I woke up to app vomit on my wall the other day. Twenty two posts in a row with a nauseating pink gradient filled heart paraded in front of me like a digital attack as I scrolled down. With all the drama surrounding hacking and cyberwarfare as of late, and phrases like the “Pearl Harbor of the digital age” being thrown around, my relationship with the internet is kind of on the rocks. I felt violated by this unwarranted post-a-thon happening under my name. Especially considering, on a public digital surface that calls itself mine, people I know and trust taunt me with answers to intense, personal questions, like:
What was this combination of algorithms that wrote such a strange broken poetry all over my wall, so that everyone could see? I was expected to play a game to unlock the answer to this odd inquiry? The bizarre syntax spit out of some mathematical formula was intimate, familiar, and intrusive. I was posed questions about my identity (is Hannah a terrorist?) and probed into the touchy and complex territory of relationships (do you love Hannah?).

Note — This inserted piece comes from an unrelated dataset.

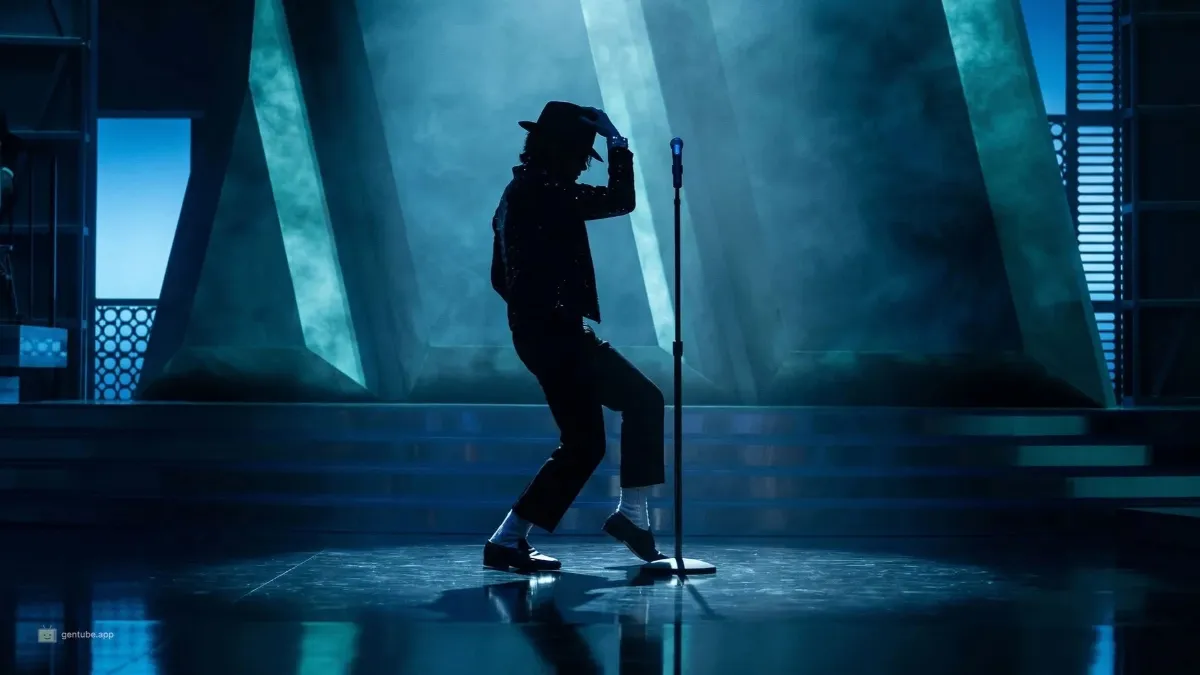 نقد فیلم Michael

The oddest part, and what made me carefully read through the over twenty similar boxes lining my wall, was the title of this game, or app, or whatever they call it these days:
Just four lower case letters, the simplicity of its visual presence ironically butting against an overdetermined connotative weight. Every way the word inserted itself into the blue and white interface was just, well, weird. Kind of mundanely haunting? Irkingly dark? Quietly offensive? I got caught in the simultaneous feeling of banal annoyance, apathetic disturbance, and paralysing intrigue. As a linguaphile and digital addict in general, I was trapped and repulsed by love’s bizarre serenade. I hesitated, soaking in the questions, for almost two and half minutes when I was asked to decide:
What was love trying to tell me? Would I miss it all together if I blocked its advances? Why was my decision about its presence couched in such absolutes: all posts? Was I sure I wanted this? Forever?

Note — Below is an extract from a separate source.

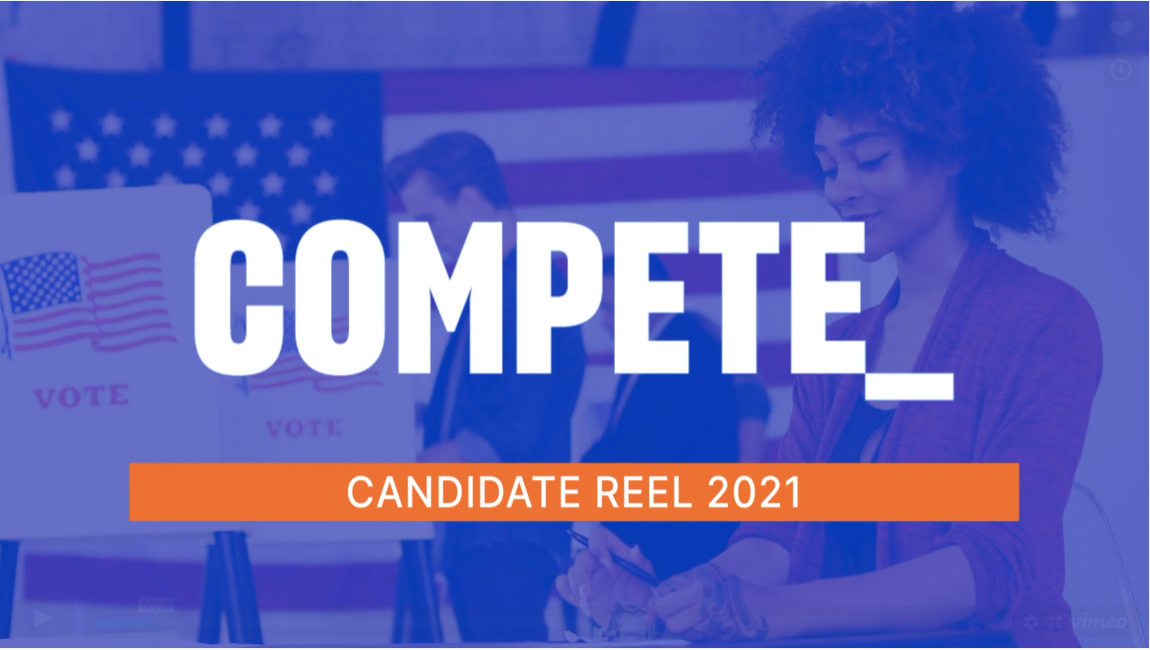 COMPETE Candidate Reel Image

It is hard to connect, even though we are hyper-connected, through wires and across clouds. It is hard to see, even though everything is crystal clear HD or coming right at us 3D. It is hard to feel and think, even though information and commentary comes at us at hyper-speed, updated every ten seconds. Who did love really think it was, to dictate the way I deal with unanswerable questions about all those strange and beautiful emotion things? I have trouble saying “I love you” to those that I do, and figuring out how to handle the multi-faceted valences of a sticky, if oh-so-sweet thing, like this particular four letter word takes up a lot of my emotional energy. The mathematically generated questions parading under my digital identity reduced the in-real-life experience of love to box after box of post, to simply love: a thing to unlock with a few minute twitches of an index finger, a routine series taps on matte black square keys. love managed to erase all the beauty of the real love’s contradictory presence in our lives.
I didn’t want to see more. I made a decision:
With a click, love was forever blocked, but love was not.